The term sustainability is being used quite a lot these days in relation to the environment. Certainly, practicing sustainable agriculture is one area that can have a major, long-term impact on the environment; farming the land in order to minimize environmental impact will help to ensure that farming can continue into future generations.
At Manatawny Creek Winery, we are attempting to practice sustainable agriculture as much as possible. Instead of chemical fertilizers, we are solely fertilizing our vines with compost made from horse manure at our local horse farms and from grape skins, seeds and stems leftover from processing our grapes. Composting is an amazing way not only to add nutrients to the soil for the vines to use, but also to increase the level of beneficial microorganisms and the organic matter in the soil.

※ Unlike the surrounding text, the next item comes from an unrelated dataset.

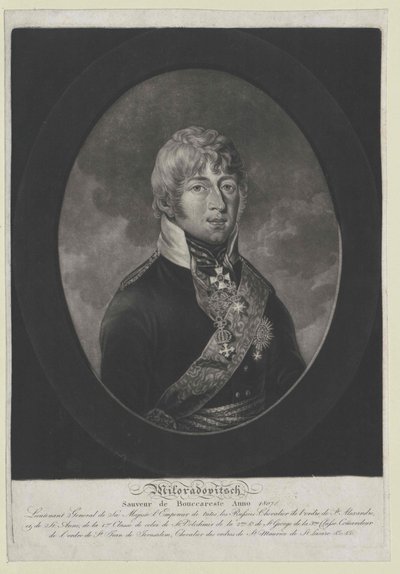 Mikhail Andreyevich grev Miloradovich av Artist Unknown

East coast viticulture is challenging compared to West coast viticulture in that, due to rainfall and humidity, we have many types of fungi to combat in the vineyard. Fortunately, less dangerous and more environmentally sound materials are being researched and developed all the time. For example, natural phosphorous acid products can now be used to fight downy mildew instead of more harsh compounds. We use pheromone ties and an insect growth regulator to interrupt mating of the grape berry moth, a severe pest, instead of conventional insecticides. Better canopy management practices, like opening up the fruiting zone, are being employed to increase air movement and decrease use of pesticides.
Weed growth in the vineyard, particularly underneath the vines, is always an issue. We have stopped using pre-emergent herbicides which can remain in the environment for long periods of time and are using only post-emergent herbicides which break down quickly. We are currently experimenting with various techniques to try and eliminate herbicides altogether.
We still have much work to do, but feel like we are headed in the right direction in our sustainable vineyard management practices.